Mi riferisco a tanti altri ma chiudo per non rubare altro spazio. Grazie di una eventuale attenzione.
Valerio Francescato Roma
Risposta alla lettera
Le colpe dei poveri?
Intanto grazie delle considerazioni che ci ha offerto e alle quali le dedichiamo una breve, comunque esauriente, interlocuzione causa l’invio nei giorni di chiusura del numero con relativo poco spazio.

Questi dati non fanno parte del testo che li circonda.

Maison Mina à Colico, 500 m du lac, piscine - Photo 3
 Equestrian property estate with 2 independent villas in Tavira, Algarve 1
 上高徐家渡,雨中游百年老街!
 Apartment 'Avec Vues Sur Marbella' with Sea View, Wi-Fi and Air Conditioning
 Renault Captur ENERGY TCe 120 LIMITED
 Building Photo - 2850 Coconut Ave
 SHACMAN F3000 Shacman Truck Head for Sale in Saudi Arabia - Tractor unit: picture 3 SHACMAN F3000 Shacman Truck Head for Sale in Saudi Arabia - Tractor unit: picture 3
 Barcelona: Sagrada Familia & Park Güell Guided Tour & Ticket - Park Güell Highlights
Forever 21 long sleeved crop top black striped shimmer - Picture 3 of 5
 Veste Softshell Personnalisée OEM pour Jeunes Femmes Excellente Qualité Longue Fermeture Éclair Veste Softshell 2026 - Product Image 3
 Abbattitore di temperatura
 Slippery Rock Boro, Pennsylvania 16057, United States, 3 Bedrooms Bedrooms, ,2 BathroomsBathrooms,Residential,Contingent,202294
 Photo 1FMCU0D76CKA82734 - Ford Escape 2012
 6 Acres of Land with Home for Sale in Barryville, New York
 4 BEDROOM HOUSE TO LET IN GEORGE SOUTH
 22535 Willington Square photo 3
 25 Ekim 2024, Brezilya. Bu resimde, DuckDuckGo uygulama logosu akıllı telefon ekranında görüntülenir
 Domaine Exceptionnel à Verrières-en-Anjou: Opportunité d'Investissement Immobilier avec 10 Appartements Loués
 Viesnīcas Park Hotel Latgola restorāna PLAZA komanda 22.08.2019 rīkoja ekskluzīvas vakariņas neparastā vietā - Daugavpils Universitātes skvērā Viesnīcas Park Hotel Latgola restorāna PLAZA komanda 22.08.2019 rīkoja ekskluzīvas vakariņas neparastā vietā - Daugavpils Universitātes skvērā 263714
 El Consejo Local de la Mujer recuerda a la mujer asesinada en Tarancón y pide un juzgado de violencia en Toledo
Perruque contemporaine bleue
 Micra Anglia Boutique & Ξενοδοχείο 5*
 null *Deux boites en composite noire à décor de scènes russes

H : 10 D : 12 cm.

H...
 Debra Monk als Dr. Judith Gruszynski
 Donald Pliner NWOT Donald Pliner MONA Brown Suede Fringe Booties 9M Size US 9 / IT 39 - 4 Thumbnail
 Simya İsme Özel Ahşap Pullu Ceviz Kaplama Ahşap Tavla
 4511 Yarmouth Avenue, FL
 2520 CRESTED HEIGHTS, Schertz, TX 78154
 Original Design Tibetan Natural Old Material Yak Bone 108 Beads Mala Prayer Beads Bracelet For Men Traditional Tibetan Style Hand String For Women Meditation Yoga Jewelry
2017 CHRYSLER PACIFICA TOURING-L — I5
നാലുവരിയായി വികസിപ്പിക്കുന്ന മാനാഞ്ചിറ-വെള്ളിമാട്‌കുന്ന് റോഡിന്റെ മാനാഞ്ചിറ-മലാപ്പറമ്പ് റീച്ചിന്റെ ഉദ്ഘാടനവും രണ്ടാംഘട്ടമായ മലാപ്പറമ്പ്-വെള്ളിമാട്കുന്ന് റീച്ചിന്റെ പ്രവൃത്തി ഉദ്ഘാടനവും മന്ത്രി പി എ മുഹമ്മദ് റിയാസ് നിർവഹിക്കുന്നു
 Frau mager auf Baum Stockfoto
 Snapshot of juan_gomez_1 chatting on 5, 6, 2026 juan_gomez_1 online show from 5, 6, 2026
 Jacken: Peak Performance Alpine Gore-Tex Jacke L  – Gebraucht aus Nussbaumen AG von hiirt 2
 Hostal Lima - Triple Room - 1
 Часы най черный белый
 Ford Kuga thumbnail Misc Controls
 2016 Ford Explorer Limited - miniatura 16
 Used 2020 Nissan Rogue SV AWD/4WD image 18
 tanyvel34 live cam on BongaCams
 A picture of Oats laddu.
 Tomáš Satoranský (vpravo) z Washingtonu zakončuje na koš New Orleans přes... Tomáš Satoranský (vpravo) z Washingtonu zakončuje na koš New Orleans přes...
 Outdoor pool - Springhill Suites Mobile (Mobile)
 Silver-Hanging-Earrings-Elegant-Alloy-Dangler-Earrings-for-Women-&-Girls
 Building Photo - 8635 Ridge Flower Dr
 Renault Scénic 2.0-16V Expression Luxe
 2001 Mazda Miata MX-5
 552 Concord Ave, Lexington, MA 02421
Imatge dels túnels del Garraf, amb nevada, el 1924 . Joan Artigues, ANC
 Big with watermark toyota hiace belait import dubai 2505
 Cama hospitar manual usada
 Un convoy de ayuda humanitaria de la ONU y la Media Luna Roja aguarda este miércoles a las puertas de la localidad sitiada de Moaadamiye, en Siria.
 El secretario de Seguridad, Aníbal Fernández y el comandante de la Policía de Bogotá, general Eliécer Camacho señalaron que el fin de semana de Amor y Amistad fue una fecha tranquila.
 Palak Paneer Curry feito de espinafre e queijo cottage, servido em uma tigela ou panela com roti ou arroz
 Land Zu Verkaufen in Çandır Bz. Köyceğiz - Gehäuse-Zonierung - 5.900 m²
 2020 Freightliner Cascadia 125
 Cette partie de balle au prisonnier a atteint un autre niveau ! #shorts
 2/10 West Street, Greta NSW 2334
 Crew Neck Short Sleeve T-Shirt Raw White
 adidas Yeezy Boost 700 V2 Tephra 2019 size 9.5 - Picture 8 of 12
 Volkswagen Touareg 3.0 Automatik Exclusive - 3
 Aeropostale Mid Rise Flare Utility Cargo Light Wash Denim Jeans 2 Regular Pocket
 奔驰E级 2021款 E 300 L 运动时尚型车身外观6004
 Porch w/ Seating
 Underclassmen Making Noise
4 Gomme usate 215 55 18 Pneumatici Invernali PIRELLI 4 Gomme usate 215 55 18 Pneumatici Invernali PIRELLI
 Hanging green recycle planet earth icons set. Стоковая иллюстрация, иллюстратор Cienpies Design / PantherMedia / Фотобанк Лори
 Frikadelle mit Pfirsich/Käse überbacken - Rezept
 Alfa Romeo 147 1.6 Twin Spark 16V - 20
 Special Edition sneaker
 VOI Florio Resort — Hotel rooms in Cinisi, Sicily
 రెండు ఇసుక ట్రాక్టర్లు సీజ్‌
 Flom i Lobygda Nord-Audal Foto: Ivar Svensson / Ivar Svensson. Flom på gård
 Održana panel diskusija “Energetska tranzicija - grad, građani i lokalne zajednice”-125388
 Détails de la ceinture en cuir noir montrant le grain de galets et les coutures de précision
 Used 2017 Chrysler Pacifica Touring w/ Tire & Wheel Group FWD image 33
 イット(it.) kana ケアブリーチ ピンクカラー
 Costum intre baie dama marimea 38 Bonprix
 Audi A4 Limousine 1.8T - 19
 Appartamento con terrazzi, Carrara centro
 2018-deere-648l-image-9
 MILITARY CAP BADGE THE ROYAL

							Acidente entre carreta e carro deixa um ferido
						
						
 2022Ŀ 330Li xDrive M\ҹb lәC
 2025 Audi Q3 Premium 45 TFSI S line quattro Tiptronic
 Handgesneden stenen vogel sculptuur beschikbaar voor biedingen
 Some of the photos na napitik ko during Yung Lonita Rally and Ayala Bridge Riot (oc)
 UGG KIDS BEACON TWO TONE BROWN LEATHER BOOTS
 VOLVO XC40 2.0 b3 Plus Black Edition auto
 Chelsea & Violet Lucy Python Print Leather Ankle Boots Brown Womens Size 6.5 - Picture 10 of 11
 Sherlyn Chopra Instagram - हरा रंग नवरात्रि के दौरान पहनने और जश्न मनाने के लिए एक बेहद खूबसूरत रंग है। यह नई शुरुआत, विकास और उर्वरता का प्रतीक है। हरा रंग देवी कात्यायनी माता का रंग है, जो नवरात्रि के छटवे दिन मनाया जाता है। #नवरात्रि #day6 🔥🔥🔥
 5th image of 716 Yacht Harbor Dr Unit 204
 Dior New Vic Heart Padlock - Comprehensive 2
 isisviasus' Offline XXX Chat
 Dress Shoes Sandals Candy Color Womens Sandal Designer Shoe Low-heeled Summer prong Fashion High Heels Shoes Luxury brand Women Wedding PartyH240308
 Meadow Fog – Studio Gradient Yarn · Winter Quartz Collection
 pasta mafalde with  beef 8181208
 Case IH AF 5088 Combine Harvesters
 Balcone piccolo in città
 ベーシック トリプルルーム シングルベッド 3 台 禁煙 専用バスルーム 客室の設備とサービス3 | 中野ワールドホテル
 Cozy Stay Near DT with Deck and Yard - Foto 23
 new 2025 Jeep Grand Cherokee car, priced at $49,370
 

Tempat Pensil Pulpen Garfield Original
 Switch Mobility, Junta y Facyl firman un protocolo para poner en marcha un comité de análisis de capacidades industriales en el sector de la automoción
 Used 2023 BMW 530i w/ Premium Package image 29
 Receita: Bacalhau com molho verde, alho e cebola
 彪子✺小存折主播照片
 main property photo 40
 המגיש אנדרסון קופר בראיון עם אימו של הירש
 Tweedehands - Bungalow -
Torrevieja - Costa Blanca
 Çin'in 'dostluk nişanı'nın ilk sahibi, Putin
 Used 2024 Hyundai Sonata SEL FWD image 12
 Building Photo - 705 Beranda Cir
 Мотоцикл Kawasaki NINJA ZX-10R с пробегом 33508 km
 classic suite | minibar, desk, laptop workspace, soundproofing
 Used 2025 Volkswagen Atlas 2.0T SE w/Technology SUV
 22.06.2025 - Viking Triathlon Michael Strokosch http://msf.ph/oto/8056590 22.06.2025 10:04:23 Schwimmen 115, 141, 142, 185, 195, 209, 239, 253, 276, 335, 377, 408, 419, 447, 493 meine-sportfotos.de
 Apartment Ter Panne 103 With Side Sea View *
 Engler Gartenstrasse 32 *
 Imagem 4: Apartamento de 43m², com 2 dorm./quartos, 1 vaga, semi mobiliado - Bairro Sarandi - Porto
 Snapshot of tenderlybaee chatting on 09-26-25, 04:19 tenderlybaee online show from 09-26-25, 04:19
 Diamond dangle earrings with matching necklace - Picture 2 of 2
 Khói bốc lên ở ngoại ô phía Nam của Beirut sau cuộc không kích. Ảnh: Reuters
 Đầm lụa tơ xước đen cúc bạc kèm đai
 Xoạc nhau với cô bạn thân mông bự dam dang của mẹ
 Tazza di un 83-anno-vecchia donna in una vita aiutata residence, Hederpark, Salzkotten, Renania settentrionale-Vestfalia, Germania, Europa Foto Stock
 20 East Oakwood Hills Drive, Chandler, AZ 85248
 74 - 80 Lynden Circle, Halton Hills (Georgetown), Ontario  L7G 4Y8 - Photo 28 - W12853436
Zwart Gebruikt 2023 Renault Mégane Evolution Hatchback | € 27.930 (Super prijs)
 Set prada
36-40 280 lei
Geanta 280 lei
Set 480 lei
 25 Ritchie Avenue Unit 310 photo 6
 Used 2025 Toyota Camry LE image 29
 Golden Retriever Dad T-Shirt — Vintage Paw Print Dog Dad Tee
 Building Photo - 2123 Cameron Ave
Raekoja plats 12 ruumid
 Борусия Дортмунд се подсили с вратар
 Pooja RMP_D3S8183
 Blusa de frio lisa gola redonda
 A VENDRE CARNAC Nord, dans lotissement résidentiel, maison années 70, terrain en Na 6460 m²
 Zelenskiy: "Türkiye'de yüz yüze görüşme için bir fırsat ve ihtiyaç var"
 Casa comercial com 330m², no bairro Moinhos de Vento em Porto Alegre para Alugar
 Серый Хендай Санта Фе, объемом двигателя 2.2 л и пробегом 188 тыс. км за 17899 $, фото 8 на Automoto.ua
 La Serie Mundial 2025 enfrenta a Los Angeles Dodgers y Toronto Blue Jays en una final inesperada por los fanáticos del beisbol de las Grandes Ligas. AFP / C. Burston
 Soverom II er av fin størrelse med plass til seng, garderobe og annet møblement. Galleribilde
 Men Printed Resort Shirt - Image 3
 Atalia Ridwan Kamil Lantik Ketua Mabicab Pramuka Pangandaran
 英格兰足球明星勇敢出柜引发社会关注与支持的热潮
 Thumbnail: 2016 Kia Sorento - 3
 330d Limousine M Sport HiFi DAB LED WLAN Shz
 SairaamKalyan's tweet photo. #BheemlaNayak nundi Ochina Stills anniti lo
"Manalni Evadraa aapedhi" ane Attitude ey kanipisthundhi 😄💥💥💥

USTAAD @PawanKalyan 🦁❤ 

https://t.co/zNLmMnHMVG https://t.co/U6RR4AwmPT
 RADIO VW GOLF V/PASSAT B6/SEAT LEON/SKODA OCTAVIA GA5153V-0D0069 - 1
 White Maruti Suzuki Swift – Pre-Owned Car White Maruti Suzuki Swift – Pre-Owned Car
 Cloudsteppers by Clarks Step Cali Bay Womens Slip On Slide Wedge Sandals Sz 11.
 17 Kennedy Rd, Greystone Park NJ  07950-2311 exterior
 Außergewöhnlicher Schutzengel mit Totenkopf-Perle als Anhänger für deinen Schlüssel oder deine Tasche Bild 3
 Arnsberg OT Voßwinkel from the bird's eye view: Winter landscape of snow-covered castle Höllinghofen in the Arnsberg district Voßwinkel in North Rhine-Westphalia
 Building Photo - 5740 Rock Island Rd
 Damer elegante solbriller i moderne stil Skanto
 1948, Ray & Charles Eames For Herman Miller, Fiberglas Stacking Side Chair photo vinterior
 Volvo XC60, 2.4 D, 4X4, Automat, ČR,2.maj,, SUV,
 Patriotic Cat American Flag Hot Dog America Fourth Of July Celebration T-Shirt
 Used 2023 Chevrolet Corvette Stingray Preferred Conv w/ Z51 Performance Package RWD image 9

Come premessa determinativa notiamo un’assenza totale di una “visione di classe” nella lettura dei temi accennati. Come vede il nostro “vizio” è terminale e non vogliamo consapevolmente guarire, anzi, crediamo che chi non ha questa patologia non possa indirizzare bene il suo sguardo analitico sulle differenze sociali che affliggono “gli ultimi”. Non è una colpa se, però, non si colpevolizza chi non ha più strumenti per rivalersi e, per lo meno, ridurre le tragiche diseguaglianze prodotte da un sistema predatorio di benessere e delle
stesse vite, ad esempio i morti quotidiani sul lavoro, i morti per inquinamento, depressione e suicidi.
Non Le pare che, semmai, le colpe siano da addebitare anche sulla storicamente pregevole “borghesia illuminata” che oggi, eccetto i pochi intellettuali schierati, resta in silenzio, quando in parte non complice, di fronte alle miserabili e criminogine politiche dei governi negli ultimi decenni?
Certamente Lei come progressita ha ben chiaro le cause ma delega ai diretti perseguitati, operai, precari, giovani e operatori sanitari, la risposta non considerando che anche sono sottoposti all’informazione a senso unico.
Non crede che, per parlare di politica mainstream, di aver inconsapevolmente contribuito – ad esempio con il fideismo del dannoso “voto utile” – ad affossare fino ad oggi la rinascita, anche come forza elettorale, di una sinistra, non drogata dal liberismo economico?
Non legga la risposta come acredine nei suoi confronti e del “nucleo” al quale afferisce socialmente. La nostra attenzione è sempre alta per le alleanze sociali con gli strati più sensibili alla rinascita della speranza di cambiamento.